- [What you should do] Return every line of the records, exact and in full, until you have returned the line with "Benefits of 12", and include none of the pictures.

(Caption-style text data)
· · · · · · ·
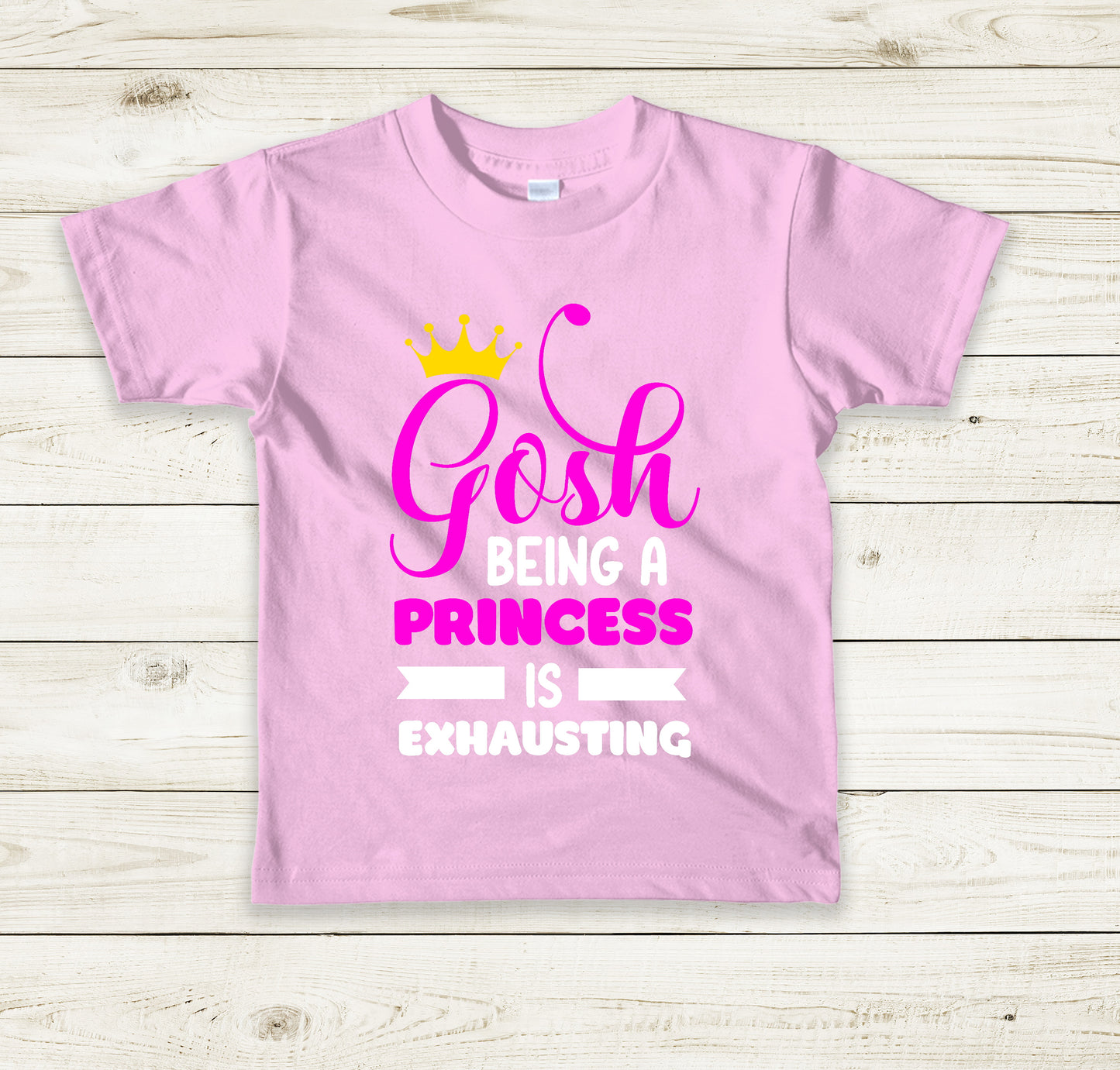 Being a Princess Youth Unisex Tshirt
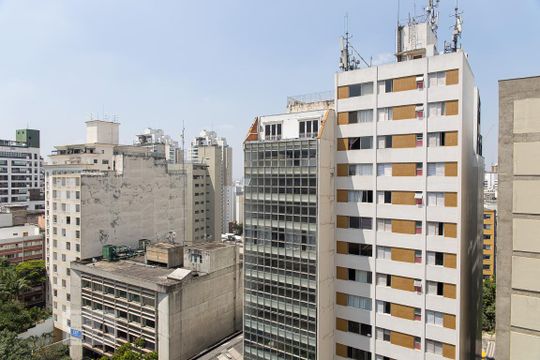 Vista da Varada de kitnet/studio à venda com 1 quarto, 29m² em Consolação, São Paulo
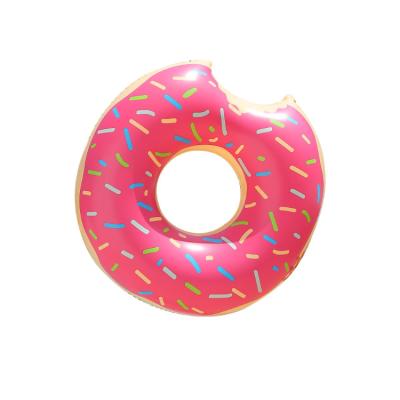 China Child XXL-18 Inflatable Donut Ring Water Fun Donut Pool Swimming Float for sale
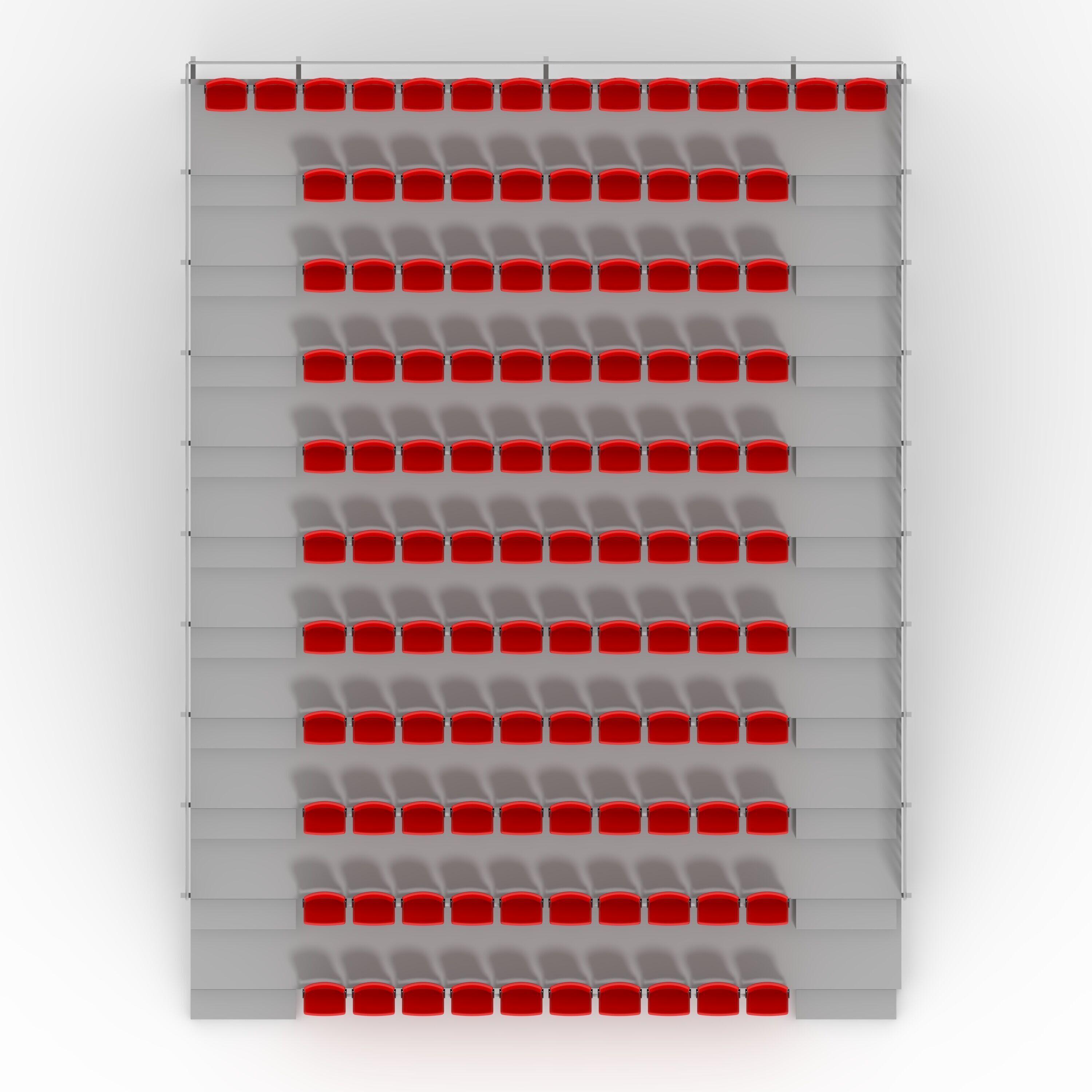 Bleachers 36 3D model_24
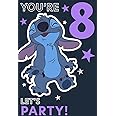 Cards Hallmark Disney Lilo & Stitch 8th Birthday You're 8 Let's Party!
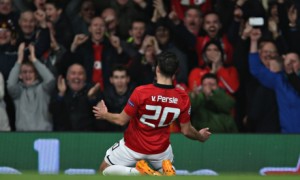 Robin-van-Persie-Manchester United-Olympiacos-Champions-League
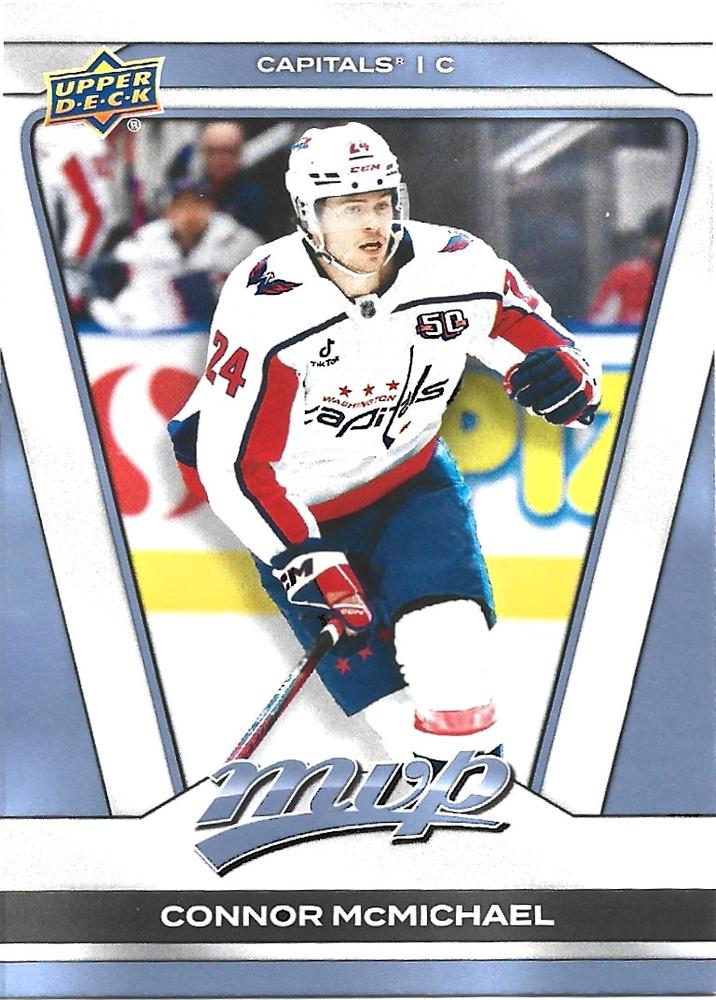Connor McMichael #99 Washington Capitals | 2025-26 Upper Deck MVP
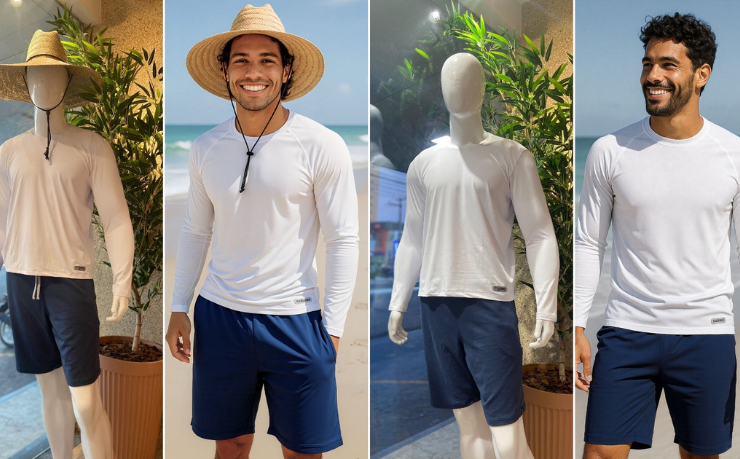 FotoModel oferece imagens profissionais para destacar sua moda no atacado.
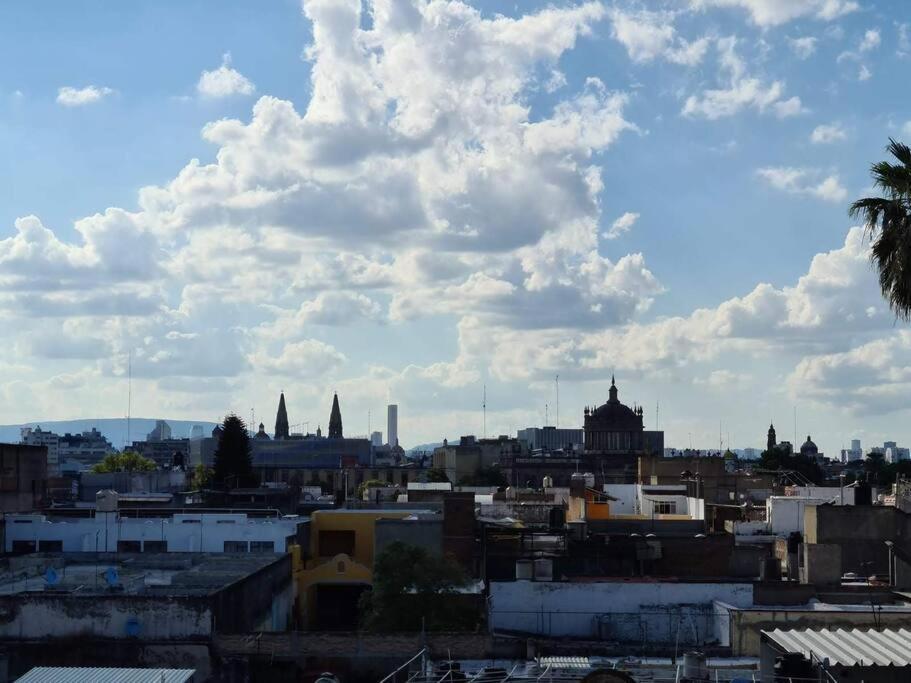 Departamento En El Corazon De Guadalajara Lägenhet Exteriör bild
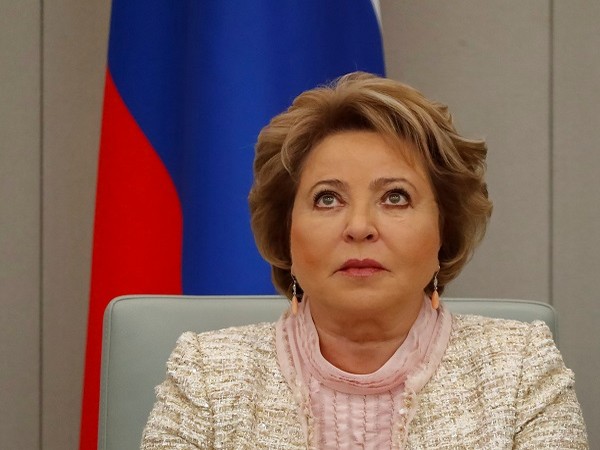 Valentina Matviyenko, speaker of the upper chamber of the Russian parliament (Photo Credit: Reuters)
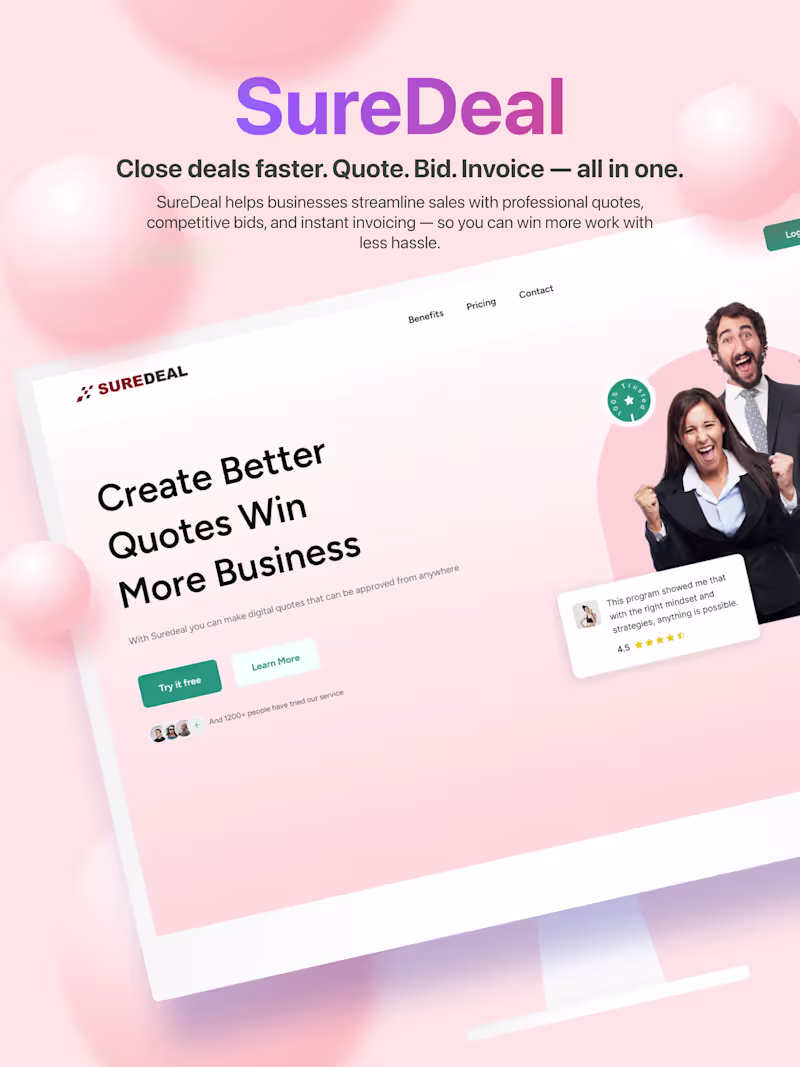 Cover image for Suredeal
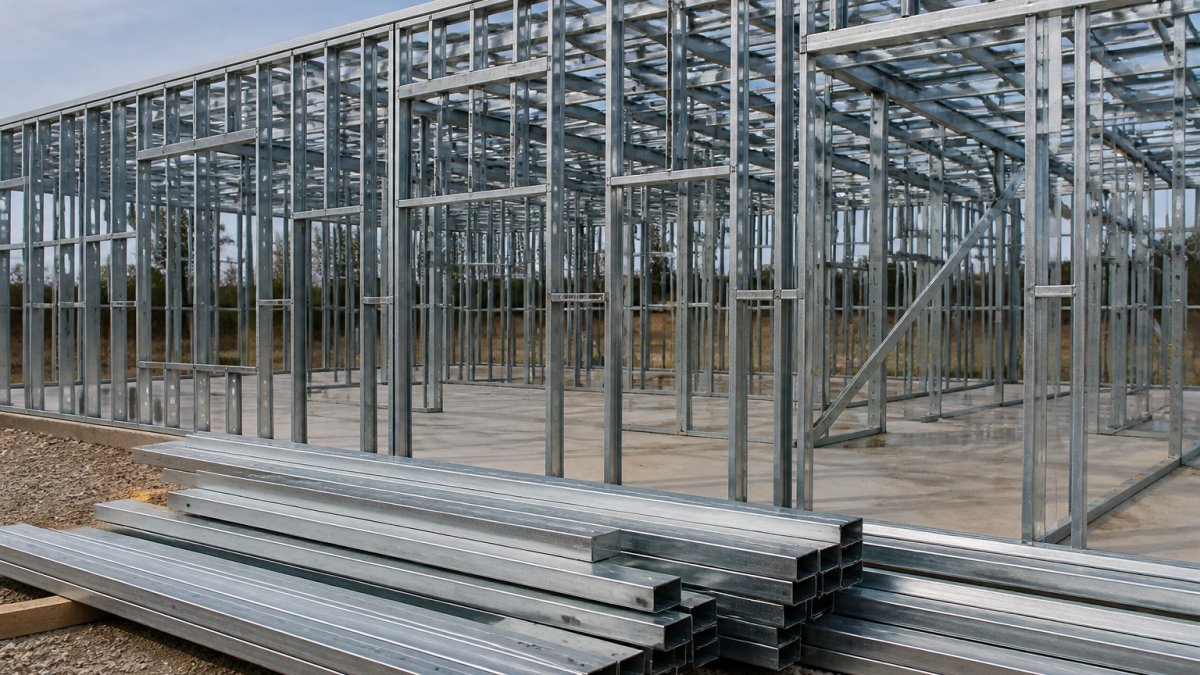 Benefits of 12 Gauge Steel Framing for Buildings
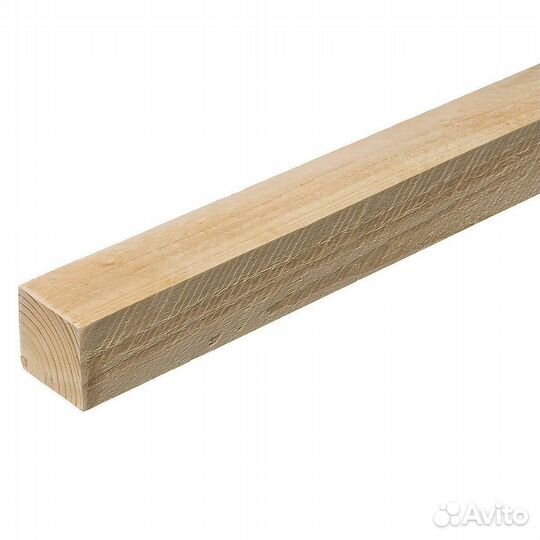 Брусок сухой сорт 40x40x3000
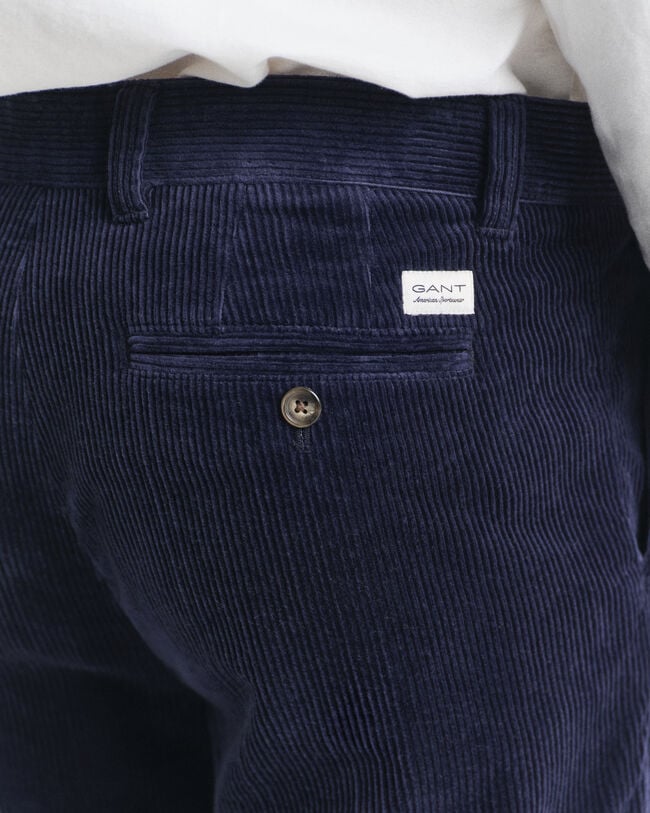 Pantalones Regular Fit de pana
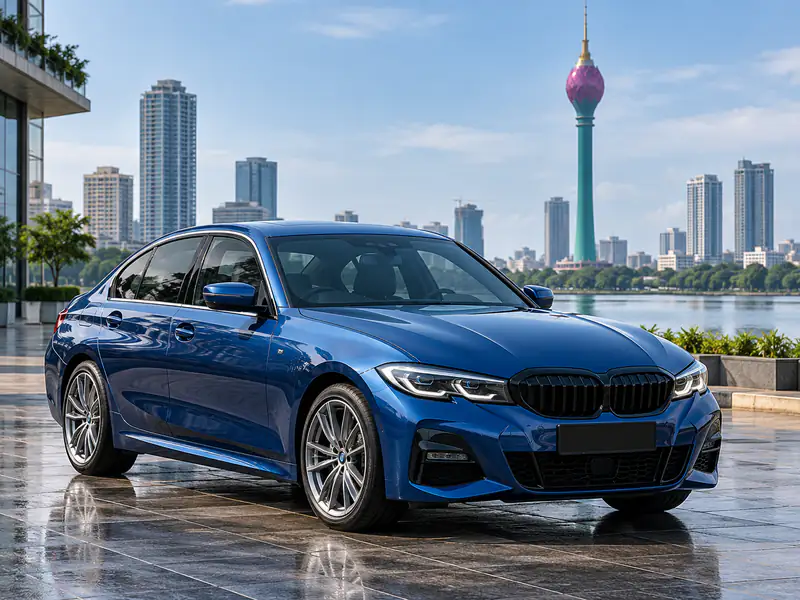 BMW 3 Series 2023 in kandy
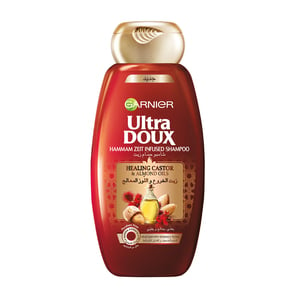 Garnier Ultra Doux Shampoo Healing Castor & Almond Oils 200 ml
· · · · · · ·
- [Problem solution]
 Being a Princess Youth Unisex Tshirt
 Vista da Varada de kitnet/studio à venda com 1 quarto, 29m² em Consolação, São Paulo
 China Child XXL-18 Inflatable Donut Ring Water Fun Donut Pool Swimming Float for sale
 Bleachers 36 3D model_24
 Cards Hallmark Disney Lilo & Stitch 8th Birthday You're 8 Let's Party!
 Robin-van-Persie-Manchester United-Olympiacos-Champions-League
Connor McMichael #99 Washington Capitals | 2025-26 Upper Deck MVP
 FotoModel oferece imagens profissionais para destacar sua moda no atacado.
 Departamento En El Corazon De Guadalajara Lägenhet Exteriör bild
 Valentina Matviyenko, speaker of the upper chamber of the Russian parliament (Photo Credit: Reuters)
 Cover image for Suredeal
 Benefits of 12 Gauge Steel Framing for Buildings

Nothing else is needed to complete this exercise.